Creation and Evolution

The present day myth is that a Scottish born inventor called Alexander Graham Bell invented the telephone. In another room, Watson, next to the receiver, heard clearly the first telephone message: "Mr. Watson, come here; I want you."


A few hours after Bell had patented his invention, another American inventor, Elisha Gray, filed a document called a caveat with the U.S. Patent Office, announcing that he was well on his way to inventing a telephone. By definition a telephone is any mechanism capable of conduction sound for a great distance. The earliest telephones were mechanical devices based on sound transportation through air or other physical media rather than electrical devices depending on electro-magnetic signals.


The lover's telephone (or string telephone) has also been known for centuries, connecting two diaphragms with string or wire which transmits the sound from one to the other by vibrations along the string and not through electric current.

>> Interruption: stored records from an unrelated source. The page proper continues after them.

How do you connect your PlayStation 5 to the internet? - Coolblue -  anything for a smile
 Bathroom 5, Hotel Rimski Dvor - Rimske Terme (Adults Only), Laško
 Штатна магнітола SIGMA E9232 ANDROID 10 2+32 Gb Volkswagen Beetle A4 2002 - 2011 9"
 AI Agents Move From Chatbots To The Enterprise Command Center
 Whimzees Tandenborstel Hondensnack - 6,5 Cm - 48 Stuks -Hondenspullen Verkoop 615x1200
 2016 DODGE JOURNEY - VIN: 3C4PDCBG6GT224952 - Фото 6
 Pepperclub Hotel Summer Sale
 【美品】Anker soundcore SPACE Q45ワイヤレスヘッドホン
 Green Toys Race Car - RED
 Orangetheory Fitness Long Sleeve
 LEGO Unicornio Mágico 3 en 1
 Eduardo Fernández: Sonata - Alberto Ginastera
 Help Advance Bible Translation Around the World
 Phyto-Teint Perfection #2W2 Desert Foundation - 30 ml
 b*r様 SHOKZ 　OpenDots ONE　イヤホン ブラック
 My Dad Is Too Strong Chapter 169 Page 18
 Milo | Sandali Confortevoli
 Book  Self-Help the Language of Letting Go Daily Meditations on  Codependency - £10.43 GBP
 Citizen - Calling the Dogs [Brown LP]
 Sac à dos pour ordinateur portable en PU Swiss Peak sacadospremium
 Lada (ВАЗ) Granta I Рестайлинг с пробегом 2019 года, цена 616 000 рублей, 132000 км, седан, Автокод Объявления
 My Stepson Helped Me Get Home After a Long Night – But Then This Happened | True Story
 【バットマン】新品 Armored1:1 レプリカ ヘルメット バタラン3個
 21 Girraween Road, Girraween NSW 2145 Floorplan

Electro-magnetic transmitters and Antonio Meucci


Meucci invented a paired electro-magnetic transmitter and receiver, where the motion of a diaphram modulated a signal in a coil by moving an electromagnet. Meucci is also credited with the early invention of the anti-sidetone circuit, and of inductive loading of telephone wires to increase long-distance signals. Meucci demonstrated some sort of instrument in 1849 in Havana, Cuba, but the evidence is unclear if this was an electric telephone or a variant on the string telephone using wires. Meucci was recognised as the first inventor of the telephone by the United States Congress, in its resolution 269 dated 11 June 2002.


Johann Philipp Reis


The Reis transmitter was a make-break transmitter. Reis' invention is best known then as the "musical telephone". That is, a needle attached to a diaphram was alternately pressed against, and released from a contact as the sound moved the diaphram. This make-or-break signaling was able to transmit tones, and some vowels, but since it did not follow the analog shape of the sound wave (the contact was pure digital, on or off) it could not transmit consonants, or complex sounds. This can be called a "telephone", since it did transmit sounds over distance, but is hardly a telephone in the modern sense, as it failed to transmit a good copy of any supplied sound.


Poul la Cour


Around 1874 Poul la Cour, a Danish inventor, experimented with audio telegraphs on a line of telegraph between Copenhagen and Fredericia in Jutland. Again, la Cour made no claims of transmitting voice, only pure tones.


Elisha Gray


Gray's 'harmonic telegraph,' with vibrating reeds, was used by the Western Union Telegraph Company. Gray's harmonic telegraph apparatus follows in the track of Reis and Bourseul ? that is to say, the interruption of the current by a vibrating contact. Bell used a Gray liquid transmitter for many of his early public demonstrations.


Thomas Edison and Carbon Grain transmitter


Thomas Alva Edison took the next step in developing telephonic fidelity with his invention of the carbon grain transmitter. Edison discovered that carbon grains, squeezed between two metal plates had a resistance that was related to the pressure, thus, the grains could vary their resistance as the plates moved in response to sound waves, and reproduce sound with good fidelity, without the problems associated with a liquid contact. This style of transmitter remained standard in telephony until the 1980s, and is still produced.


Bell's background


As Professor of Vocal Physiology in the University of Boston, Bell was engaged in training teachers in the art of instructing deaf mutes how to speak, and experimented with the Leon Scott phonautograph in recording the vibrations of speech. This apparatus consists essentially of a thin membrane vibrated by the voice and carrying a light stylus, which traces an undulatory line on a plate of smoked glass. The line is a graphic representation of the vibrations of the membrane and the waves of sound in the air.


This background prepared him for work with sound and electricity. Bell, with his assistant Watson

discovered that the movements of the reed alone in a magnetic field could transmit the modulations of the sound. The first long distance telephone call was made on August 10, 1876 by Bell from the family homestead in Brantford, Ontario to his assistant located in Paris, Ontario, some 16 km (10 mi.) distant.


Summary of Bell's achievements


Bell adopted Gray's, and later Edison's resistive transmitters and adapted switching plug boards developed for telegraphy by Western Union. Additionally, Bell succeeded where others failed to assemble a commercially viable telephone system. It can be argued that Bell invented the telephone company.